Free speech and intellectual freedom - some thoughts

Recently, commenting on my "Message to Canadian readers: Make intellectual freedom an election issue", fellow freespeecher Rob Breakenridge wondered why I prefer to talk about the decline of "intellectual freedom" in Canada rather than "free speech." (I can't just now find the link, so this link takes you to his show, The World Tonight.)

I am glad he asked. It is for the same reason as I prefer to talk about civil rights rather than human rights.

First, our fearless leader, civil rights lawyer Ezra Levant, acknowledged at a recent luncheon at the Canadian Bar Association offices that some limits on speech can be justified in a free and democratic society. Few or none of the Freespeechers, as we call ourselves, dispute all limits in principle. So we risk misunderstanding if we simply say that we stand for "free speech.". Opponents of free speech/intellectual freedom can create the impression that we merely seek the right to "diss" people, greatly reducing our support.

Now, the best known, most widely reported cases - the ones that people know and care most about - were intellectual freedom cases. The article that got Mark Steyn and Maclean's Magazine charged ("The Future Belongs to Islam, October 20, 2006") was simply an effort to apply to the growing Muslim population in the Western world precisely the sort of reasoning that Phillip Longman has been applying to the growing conservative Christian population.

The argument is that some groups have significantly more children than others, and that children tend to adopt the viewpoint of their families. So vast cultural changes toward a more oppressive society can be predicted from demography.

In both cases, this is a contestable point - and it has been contested. But commentators' inability to discuss it without unleashing a kangaroo court hearing is not good news for intellectual freedom in Canada.

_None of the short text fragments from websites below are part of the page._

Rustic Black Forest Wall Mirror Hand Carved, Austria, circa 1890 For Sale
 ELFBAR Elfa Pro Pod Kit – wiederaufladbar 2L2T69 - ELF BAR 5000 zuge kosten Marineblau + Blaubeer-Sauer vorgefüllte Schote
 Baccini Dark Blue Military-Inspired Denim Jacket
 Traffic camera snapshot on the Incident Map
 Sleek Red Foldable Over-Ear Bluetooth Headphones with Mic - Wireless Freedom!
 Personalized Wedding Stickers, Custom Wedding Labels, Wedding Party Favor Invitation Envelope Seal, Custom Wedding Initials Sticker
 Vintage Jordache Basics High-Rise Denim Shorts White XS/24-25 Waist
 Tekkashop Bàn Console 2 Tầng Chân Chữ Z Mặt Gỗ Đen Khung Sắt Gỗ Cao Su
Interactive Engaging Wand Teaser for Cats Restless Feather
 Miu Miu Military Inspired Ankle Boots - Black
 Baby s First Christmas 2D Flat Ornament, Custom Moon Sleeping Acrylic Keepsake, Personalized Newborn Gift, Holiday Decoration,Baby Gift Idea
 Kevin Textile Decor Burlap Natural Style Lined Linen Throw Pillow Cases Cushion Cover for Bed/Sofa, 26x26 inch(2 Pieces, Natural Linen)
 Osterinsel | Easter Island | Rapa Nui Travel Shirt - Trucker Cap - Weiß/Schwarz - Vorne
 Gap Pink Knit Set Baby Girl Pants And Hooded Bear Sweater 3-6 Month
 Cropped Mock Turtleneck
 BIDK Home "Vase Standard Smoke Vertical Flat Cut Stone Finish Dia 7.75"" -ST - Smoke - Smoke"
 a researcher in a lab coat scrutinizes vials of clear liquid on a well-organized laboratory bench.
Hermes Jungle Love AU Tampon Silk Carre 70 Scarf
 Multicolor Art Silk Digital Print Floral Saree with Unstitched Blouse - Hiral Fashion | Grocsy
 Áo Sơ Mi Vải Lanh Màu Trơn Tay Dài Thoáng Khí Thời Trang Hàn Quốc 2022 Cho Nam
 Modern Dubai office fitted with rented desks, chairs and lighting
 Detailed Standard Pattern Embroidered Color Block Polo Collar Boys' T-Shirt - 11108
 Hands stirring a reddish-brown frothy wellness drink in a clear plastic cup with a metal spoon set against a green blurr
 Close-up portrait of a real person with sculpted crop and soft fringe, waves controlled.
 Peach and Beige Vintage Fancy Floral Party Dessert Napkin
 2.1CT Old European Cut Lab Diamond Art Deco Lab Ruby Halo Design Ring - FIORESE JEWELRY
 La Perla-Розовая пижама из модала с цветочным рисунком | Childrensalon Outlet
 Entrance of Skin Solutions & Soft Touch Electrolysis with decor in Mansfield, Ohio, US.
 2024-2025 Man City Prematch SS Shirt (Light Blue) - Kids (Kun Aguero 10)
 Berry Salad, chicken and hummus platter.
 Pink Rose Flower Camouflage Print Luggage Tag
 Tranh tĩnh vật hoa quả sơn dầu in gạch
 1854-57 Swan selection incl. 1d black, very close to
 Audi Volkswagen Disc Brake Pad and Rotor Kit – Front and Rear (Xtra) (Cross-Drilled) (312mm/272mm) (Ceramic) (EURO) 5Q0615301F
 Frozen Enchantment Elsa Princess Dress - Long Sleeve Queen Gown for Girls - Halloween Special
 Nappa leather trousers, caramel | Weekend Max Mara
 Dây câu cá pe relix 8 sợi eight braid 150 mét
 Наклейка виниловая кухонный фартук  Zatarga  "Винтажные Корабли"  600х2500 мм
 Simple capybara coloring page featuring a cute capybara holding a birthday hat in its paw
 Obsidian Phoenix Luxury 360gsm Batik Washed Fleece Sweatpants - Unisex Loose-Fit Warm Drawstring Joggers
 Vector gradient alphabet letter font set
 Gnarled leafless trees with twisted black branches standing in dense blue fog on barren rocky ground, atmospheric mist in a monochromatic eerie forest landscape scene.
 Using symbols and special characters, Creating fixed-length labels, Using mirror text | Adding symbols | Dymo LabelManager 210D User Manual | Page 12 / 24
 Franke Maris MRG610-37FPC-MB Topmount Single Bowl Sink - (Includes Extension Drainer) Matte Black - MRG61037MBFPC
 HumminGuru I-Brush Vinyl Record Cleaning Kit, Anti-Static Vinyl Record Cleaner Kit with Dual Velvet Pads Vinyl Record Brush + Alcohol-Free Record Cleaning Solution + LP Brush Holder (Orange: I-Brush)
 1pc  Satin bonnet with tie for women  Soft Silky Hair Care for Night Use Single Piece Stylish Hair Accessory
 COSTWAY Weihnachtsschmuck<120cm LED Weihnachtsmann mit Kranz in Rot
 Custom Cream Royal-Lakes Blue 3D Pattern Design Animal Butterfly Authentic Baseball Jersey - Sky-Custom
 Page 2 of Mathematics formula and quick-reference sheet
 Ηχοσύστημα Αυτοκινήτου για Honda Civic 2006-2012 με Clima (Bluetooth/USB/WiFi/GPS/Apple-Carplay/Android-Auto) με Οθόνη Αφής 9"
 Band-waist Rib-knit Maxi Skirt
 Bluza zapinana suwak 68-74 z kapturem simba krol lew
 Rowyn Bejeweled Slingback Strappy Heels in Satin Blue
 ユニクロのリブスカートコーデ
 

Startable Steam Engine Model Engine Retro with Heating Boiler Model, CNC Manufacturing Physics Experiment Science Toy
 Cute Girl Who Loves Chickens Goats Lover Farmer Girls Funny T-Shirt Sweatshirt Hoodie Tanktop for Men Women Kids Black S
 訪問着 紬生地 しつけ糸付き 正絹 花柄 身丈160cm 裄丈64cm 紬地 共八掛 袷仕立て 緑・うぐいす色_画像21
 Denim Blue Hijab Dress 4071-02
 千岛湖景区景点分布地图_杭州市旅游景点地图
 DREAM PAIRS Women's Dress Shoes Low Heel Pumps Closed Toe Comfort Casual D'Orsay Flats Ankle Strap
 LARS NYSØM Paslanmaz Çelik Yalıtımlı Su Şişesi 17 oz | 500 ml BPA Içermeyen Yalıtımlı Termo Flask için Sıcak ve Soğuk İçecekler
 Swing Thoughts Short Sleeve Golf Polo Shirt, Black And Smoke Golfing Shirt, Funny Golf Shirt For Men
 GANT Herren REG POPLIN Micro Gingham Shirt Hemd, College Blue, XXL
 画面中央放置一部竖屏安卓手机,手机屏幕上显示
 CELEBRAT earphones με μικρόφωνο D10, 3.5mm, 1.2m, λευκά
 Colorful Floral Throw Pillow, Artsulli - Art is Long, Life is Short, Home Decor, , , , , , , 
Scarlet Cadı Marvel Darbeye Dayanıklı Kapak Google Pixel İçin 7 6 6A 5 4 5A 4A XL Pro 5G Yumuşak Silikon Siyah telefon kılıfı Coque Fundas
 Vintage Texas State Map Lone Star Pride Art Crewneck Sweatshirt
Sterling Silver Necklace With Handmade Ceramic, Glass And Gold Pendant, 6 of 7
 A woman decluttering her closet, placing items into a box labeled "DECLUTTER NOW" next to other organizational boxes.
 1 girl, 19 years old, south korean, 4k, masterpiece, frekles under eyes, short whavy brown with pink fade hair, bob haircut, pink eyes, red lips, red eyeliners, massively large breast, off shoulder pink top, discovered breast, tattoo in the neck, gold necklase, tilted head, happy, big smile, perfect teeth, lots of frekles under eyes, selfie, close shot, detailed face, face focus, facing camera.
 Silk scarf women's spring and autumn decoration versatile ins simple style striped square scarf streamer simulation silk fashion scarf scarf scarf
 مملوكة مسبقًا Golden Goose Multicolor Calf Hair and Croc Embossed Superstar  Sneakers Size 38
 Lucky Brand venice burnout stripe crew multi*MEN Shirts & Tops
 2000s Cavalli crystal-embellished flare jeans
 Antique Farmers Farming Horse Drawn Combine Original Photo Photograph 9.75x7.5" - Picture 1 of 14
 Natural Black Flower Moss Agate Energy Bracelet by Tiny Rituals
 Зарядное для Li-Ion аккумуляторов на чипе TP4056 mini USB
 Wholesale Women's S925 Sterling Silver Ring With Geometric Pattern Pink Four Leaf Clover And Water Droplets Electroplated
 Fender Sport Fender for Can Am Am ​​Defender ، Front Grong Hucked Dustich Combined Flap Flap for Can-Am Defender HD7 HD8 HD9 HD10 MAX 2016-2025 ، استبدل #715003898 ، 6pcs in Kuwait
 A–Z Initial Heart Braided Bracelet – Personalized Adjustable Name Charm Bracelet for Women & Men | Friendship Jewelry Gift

Similarly, the "Mohammed" cartoons published by Ezra Levant originated as a response to fears in Denmark for the safety of anyone who published an illustration of Mohammed, however lovingly or respectfully intended. Bans on illustration are not likely to be very popular in a freedom-loving country. Certainly, they should not simply creep up on us without discussion (as in "shariah creep") because publishers are afraid of "human rights "charges. So the publication of the cartoons was, again, an effort to spark a discussion of ideas.

I found most of the cartoons lame, but that may itself be partly the result of fear - in the same way that I was disappointed that the comedian friends of comic Guy Earle (charged) were not more politically edgy with their comedy. Intellectual freedom requires the freedom to play with ideas.

By now it should be clear why I also prefer to talk about "civil rights" rather than "human rights." Civil rights have a long and mostly fruitful history in the Western world, going back to Roman times. They are the rights of a citizen dealing with the government. By contrast, "human rights" is an elastic category that got started much more recently and has come to mean pretty much whatever whining pressure groups want it to mean. Liberal democracy cannot long survive assaults like that.

It's not to be expected that everyone will understand these things, as I gather Pete Pacheco is discovering too, but we really must try.